シネマとは特別なものだ。ムーヴィーとは違う。我々の知っていた映画はまた、我々がどういう考え方をするか、世界をどう分析するかと関係があった。そしてあの手の大きな映画がまず絶対やらないのは、世界を分析することだ。世界について何か言ってはいるかもしれないが、基本的に最も強烈な印象だけを混ぜ合わせているだけだ。たとえば"愛"はこうした複雑な宇宙ではない、だれも愛のディテールにまで入って行く暇がないから、愛は"電撃"ということになる。暴力とはこういうものだ、権力とはああいうものだ、というように、単純なゲームのように将棋のコマを動かしていく----これは分析じゃない。そして人々は生活のなかで、分析をしようという忍耐をどんどん失って来ている。読書は減ってマンガを見るだけになり、テレビもまた分析とはなんの関係もない、 ただニュースや連続メロドラマ、ときたま映画を混ぜ合わせた自己満足的な映像の流れに過ぎない。その意味で、世界を理解することという映画本来の投企は、すでに死んでしまっている。
Q それでもあなたは、この世界をよりよく理解するために映画を作り続けている。
まだ作ろうとしているし、続けて行くつもりだ。自分はそのやり方を知っているし、自分の全能力を注ぎ込んでも、それをやり続ける立場を守って行くつもりだ。そして何が起こるかを見極める。それがこの人生をつかってなすべきことだからだ。まさにウォーク・ザ・ウォーク(笑)、人生の歩みを歩くことだ。
Q あなたの映画の一本一本が、映画の表現の上でも、世界に対する考え方の点でも、新しいこと、別のことへの挑戦になっているのではないでしょうか。それはあなたが常に今、現実の世界との関係のなかで映画を作っている以上、当然そうなるしかないことではあるのですが。
この世界で、誰であろうと人に、何か違うことをやって欲しいと思う人間はほとんどいない。"違うこと"とは普通--そして何よりも私の場合は絶対に--自分が何をするのか正確に、前もって言えないことだ。どのような物語になるか、どの程度の量のフィルムを使うかさえね。ああした映画は途方もないギャンブルなんだ。
ボブ・ディランの歌詞に「ハイウェイはギャンブラーのためだ、チャンスに賭ける者の」とかいうのがあった。後半は「偶然から手に入れられるものは全てを手に入れろ」だったかな。すべてがこの問題、どう歩いて行ったらいいかを模索すること、簡単ではない状況の中で生きるための別の道を探ることについて展開する。
人生は楽ではない。リスクはたくさんあり、まだ若くて、自分のキャリアが何であるか定まっていない者にとって、これは決して容易なことではない。若いということは、年上の人達のなかで自分のキャリアを切り開くことが深刻に限定されるということだ。だが君が自分のなりたいような人間になりたいと思ったら、そのリスクは受けて立たねばならない。これが私が、本当に語りたかったことだ。
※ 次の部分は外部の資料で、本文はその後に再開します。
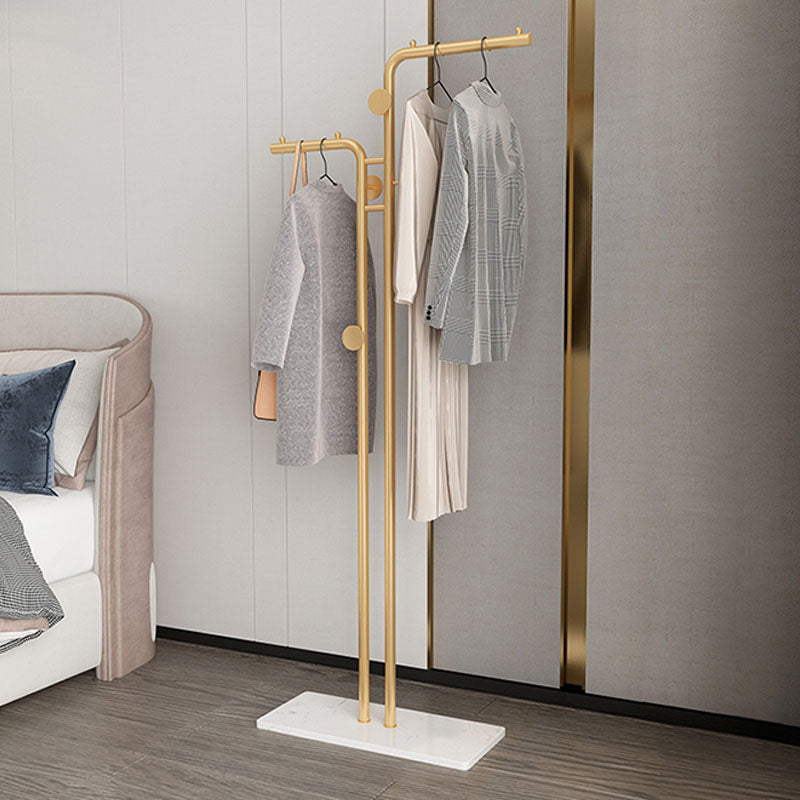 Hermosa rejilla de abrigo sólido en cola de metal con fondo de mármol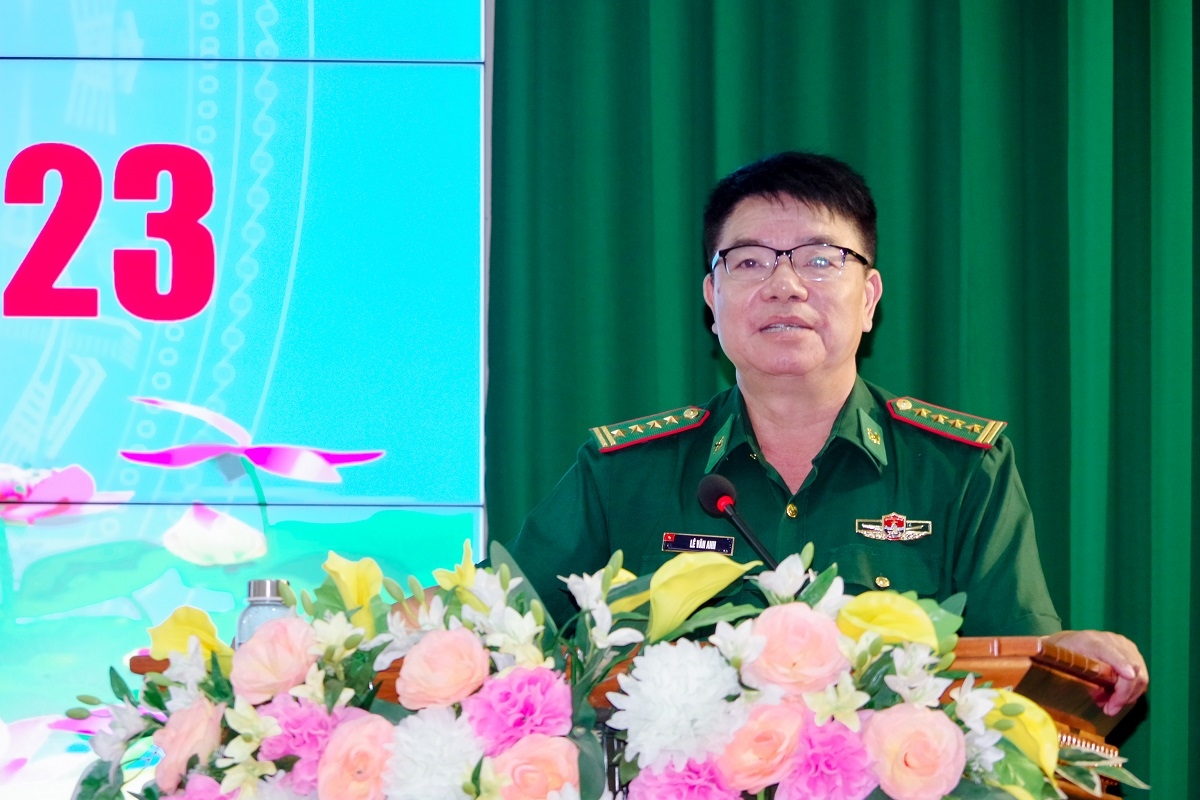 Đại tá Lê Văn Anh, Phó Chính ủy BĐBP tỉnh Sóc Trăng phát biểu khai mạc lớp tập huấn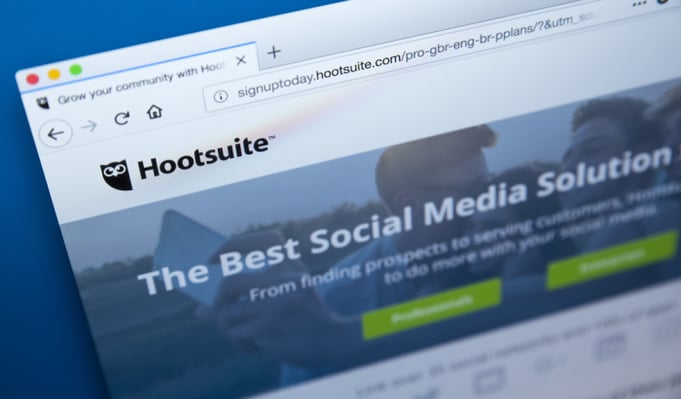 Pantalla con logo de Hootsuite, herramienta para redes sociales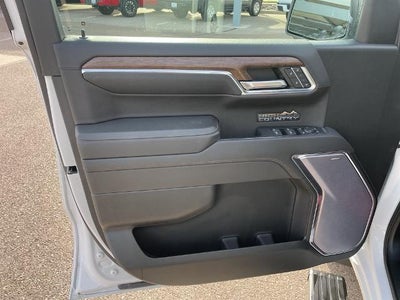 2023 Chevrolet Silverado 1500 Crew Cab Short Box 4-Wheel Drive High Country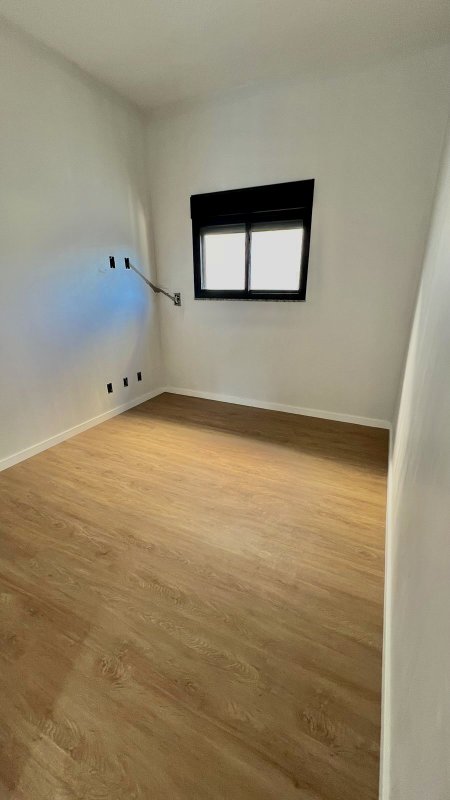 CASA DE ALTO PADRÃO COM 1 SUÍTE MASTER E MAIS DOIS DORMITÓRIOS NA GUABIRUBA - Guabiruba -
ここには大きな矛盾がある。私の映画は本当に若者達のためなのに、映画の形態は本当に若者達にとって分かりやすいものではない。この問題は私がずっと考えていることだが、その答えはまだ見つからない。私の映画はまだ若い世代、自分の人生について、自分の人生を変えること、自分の夢に生きることができるだろうか、など諸々の問題について真剣に考えている人々のためのものだ。だが一方で私は確実に年をとっていき、私の映画作りはある面で洗練されていっている。私の60年代70年代の映画は若者にとって取っ付きやすいものだったが、今ではその判断が見えない。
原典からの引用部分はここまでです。